The US AMOC Science Team, now in its seventh year, convened its bi-annual meeting this year in Seattle, Washington, September 9-11. A total of 82 participants, including investigators from funded US AMOC projects, additional interested scientists and students within and outside the US, and agency program managers, met to share recent research results, identify gaps in our understanding and measurement of AMOC, coordinate efforts and start new collaborations among the Science Team members, and discuss the program’s emerging near-term priorities as well as its long-term goals. The meeting was organized in Task Team focused sessions addressing each of the four program objectives: implementation and evaluation of the AMOC observing system; an assessment of AMOC state variability and change; an assessment of AMOC variability mechanisms and predictability; and an assessment of the role of AMOC in global climate and ecosystems. A special session highlighted research and focused discussion on AMOC linkages with climate variability and change. Highlights from each of the sessions are provided below. A full report on 2014 progress of the Science Team will be issued in early 2015.

Task Team 1: AMOC Observing System Implementation and Evaluation

The discussions for Task Team 1 (TT1) made it clear that the existing near-term priorities continue to be high priorities for AMOC studies, particularly maintaining and extending the existing AMOC time series (RAPID/MOCHA/WBTS and MOVE) as well as fully implementing the newer OSNAP and SAMBA/SAMOC systems.  Many new and continuing high latitude North Atlantic projects illustrating the links to the Arctic were also presented and were viewed quite positively. 

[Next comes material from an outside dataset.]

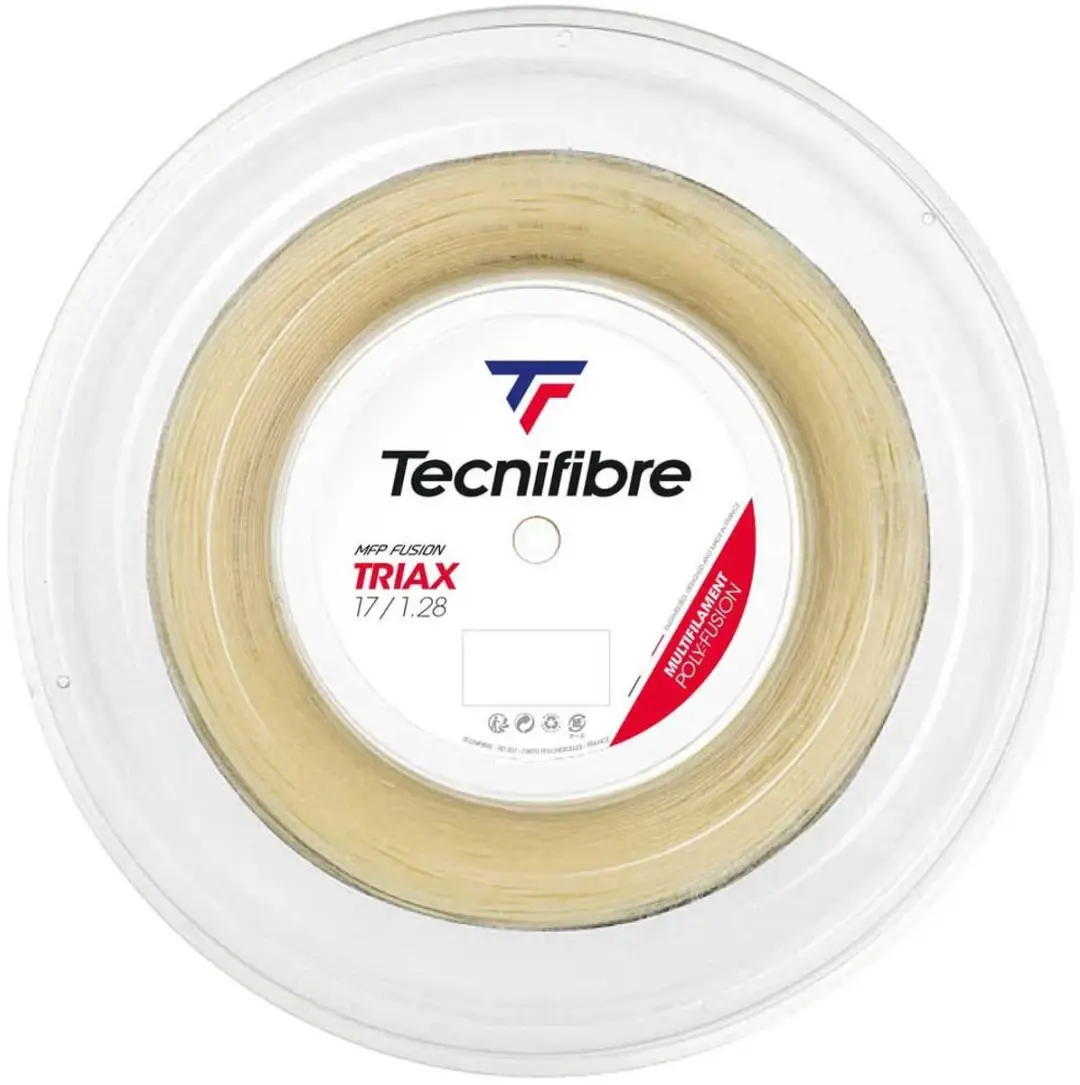 Tecnifibre Triax 200 M Tennisracketsnaar Geel 1.38 mm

Regarding new priorities, one area that came out as a clear new near-term priority is to improve both the availability and the usability of the AMOC estimates presently being made.  Specific action items here included: 1) ensuring that AMOC estimates (and the key underlying measurements collected as part of the AMOC estimates) are being made available in widely recognized locations such as the World Ocean Database, OceanSITES, NODC, BODC, etc.; and 2) ensuring that alongside AMOC estimates (and the constituent components) are error estimates that are applicable at time scales of days, weeks, months, and years to provide necessary precision information for numerical models (when data is used for validation and/or when data is assimilated) and for inter-array comparisons. 

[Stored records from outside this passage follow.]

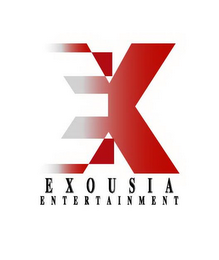 X EXOUSIA ENTERTAINMENT logo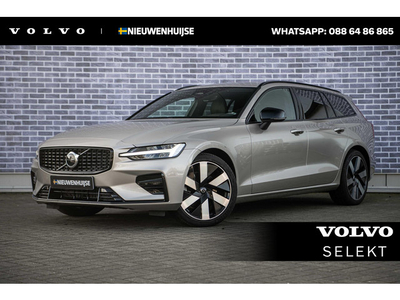 Volvo V60 2.0 B3 Plus Dark Fin. € 745 p/m | Standkachel | Adaptieve Cruise Control | Trekhaak | Stoel en Stuurverwarming | Donker Glas | Harman Kardon |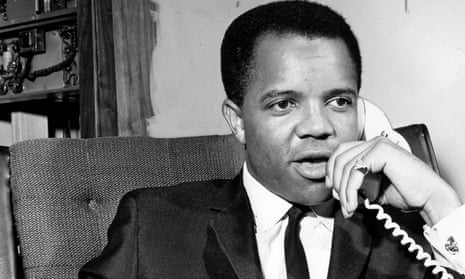 Motown founder Berry Gordy speaking on the phone, 1970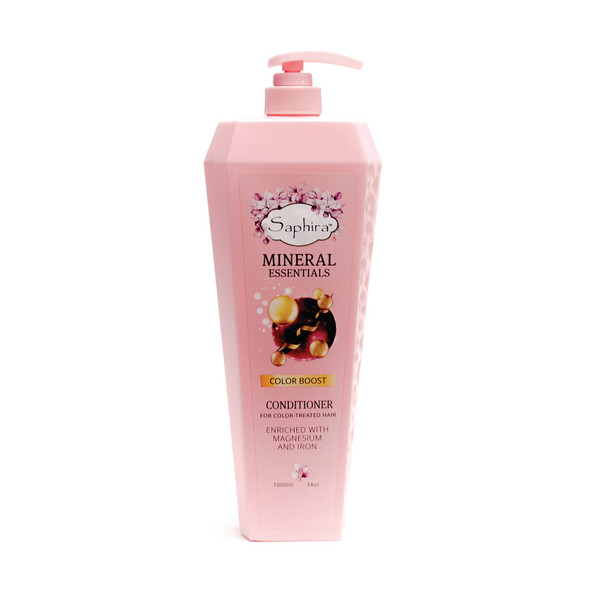 Saphira MINERAL ESSENTIALS Color Boost Conditioner for Color-Treated Hair Conditions Softens and Protects Dyed Hair 34 Ounce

A second new near-term priority that was discussed was improving communication across the observing systems groups, both between existing observing programs in the North and South Atlantic, and between more established observing system groups and newer groups becoming involved at the national and international levels.  Specific action items included setting up small working groups to address specific issues (e.g. understanding the opposite AMOC trends observed by the MOVE and RAPID/MOCHA/WBTS arrays), involving researchers from all AMOC arrays (high latitude North, subtropical North, and South Atlantic) when planning workshops and conference special sessions, and involving international partners who have not generally been involved in our USAMOC meetings (e.g. the German science group doing the new AMOC array at 11°S). 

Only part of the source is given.